_EXERCISE DESCRIPTION_. Below are the entries. Set down exactly the line containing "this 740×493 image." and each line after it.

::::

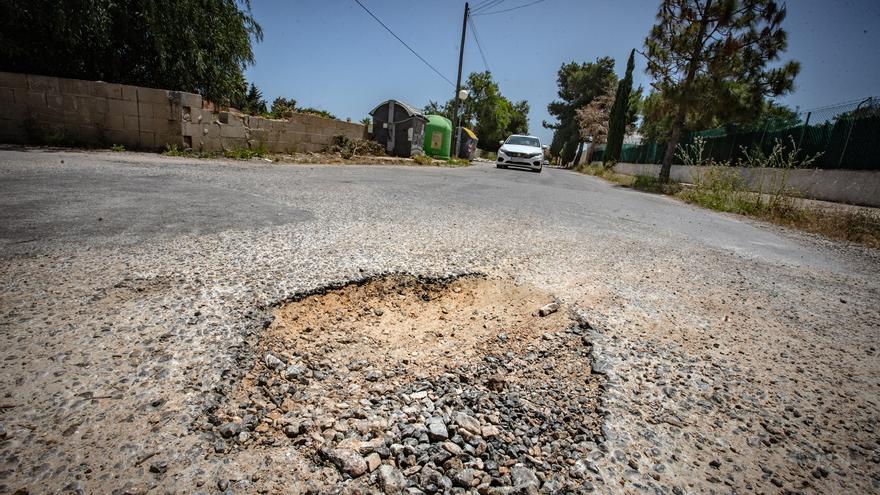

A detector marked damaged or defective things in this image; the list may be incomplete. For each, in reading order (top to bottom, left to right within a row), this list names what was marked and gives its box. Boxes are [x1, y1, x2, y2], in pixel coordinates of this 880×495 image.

pothole [206, 278, 604, 494]
cracked asphalt [0, 149, 876, 494]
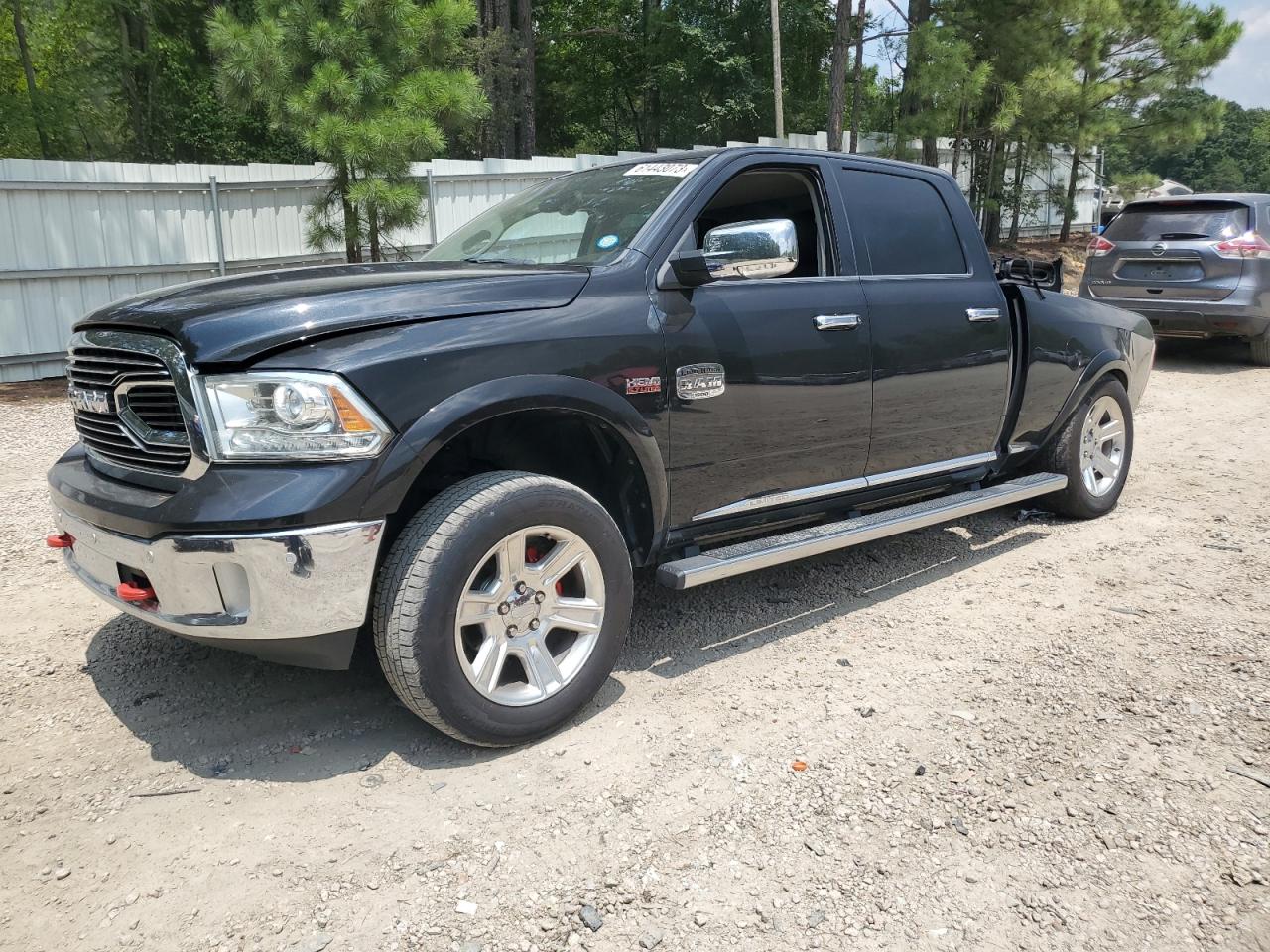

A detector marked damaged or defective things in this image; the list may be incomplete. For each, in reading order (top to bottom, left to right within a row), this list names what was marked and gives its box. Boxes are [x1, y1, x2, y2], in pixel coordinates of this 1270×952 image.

damaged hood [76, 261, 591, 365]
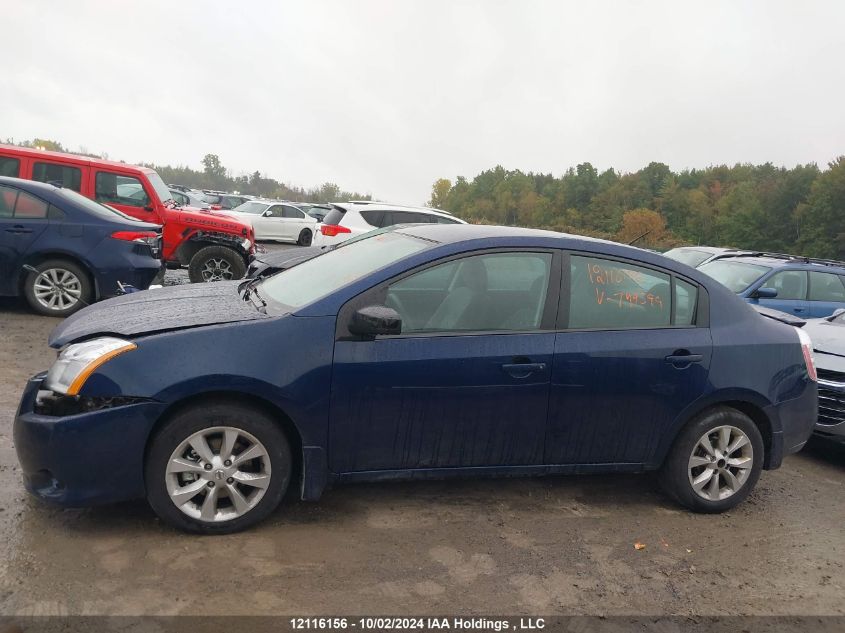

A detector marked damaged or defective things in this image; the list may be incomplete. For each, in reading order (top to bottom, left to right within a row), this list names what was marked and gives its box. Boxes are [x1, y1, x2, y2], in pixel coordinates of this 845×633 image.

damaged vehicle [14, 225, 816, 532]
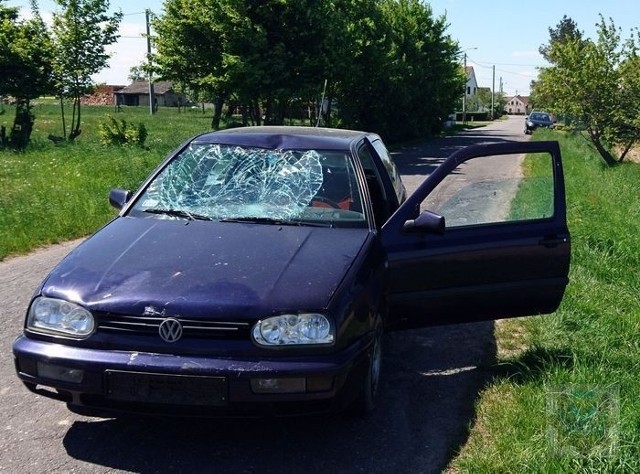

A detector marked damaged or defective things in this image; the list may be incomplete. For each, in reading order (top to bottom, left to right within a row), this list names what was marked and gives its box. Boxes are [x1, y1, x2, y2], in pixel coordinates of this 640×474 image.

shattered windshield [131, 143, 364, 227]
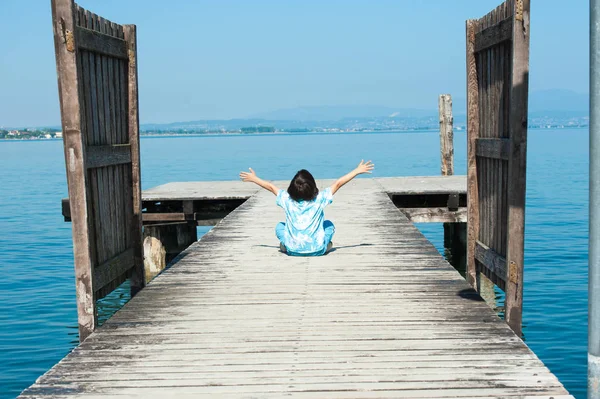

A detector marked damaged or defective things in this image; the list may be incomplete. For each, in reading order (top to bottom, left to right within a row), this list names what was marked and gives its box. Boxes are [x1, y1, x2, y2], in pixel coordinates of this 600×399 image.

rusty hinge [58, 18, 75, 52]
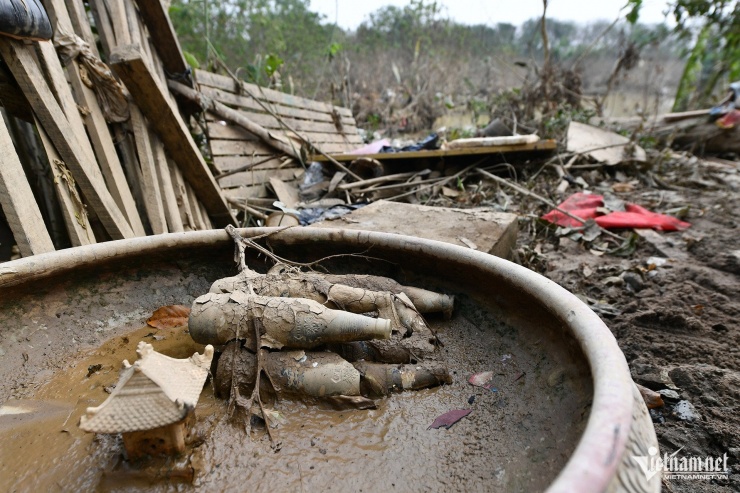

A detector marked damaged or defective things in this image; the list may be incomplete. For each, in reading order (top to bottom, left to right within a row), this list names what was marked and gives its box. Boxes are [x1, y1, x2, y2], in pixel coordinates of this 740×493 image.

broken wooden plank [0, 113, 55, 256]
broken wooden plank [35, 116, 96, 246]
broken wooden plank [1, 38, 134, 238]
broken wooden plank [133, 106, 169, 234]
broken wooden plank [135, 0, 191, 82]
broken wooden plank [151, 135, 184, 233]
broken wooden plank [110, 43, 234, 226]
broken wooden plank [194, 69, 350, 117]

::::

_RESULT_.
A detector marked damaged or defective things in this image; the list may be incomplete. For each, in reading order (top to bottom, left to right within a row), this list names what was marked and gives its box. Boxes are [x1, y1, x2, y2], in pixel coordinates of this 740×493 image.

broken wooden plank [0, 113, 55, 256]
broken wooden plank [35, 116, 96, 246]
broken wooden plank [1, 38, 134, 238]
broken wooden plank [133, 106, 169, 234]
broken wooden plank [135, 0, 191, 82]
broken wooden plank [151, 135, 184, 233]
broken wooden plank [110, 43, 234, 226]
broken wooden plank [194, 69, 350, 117]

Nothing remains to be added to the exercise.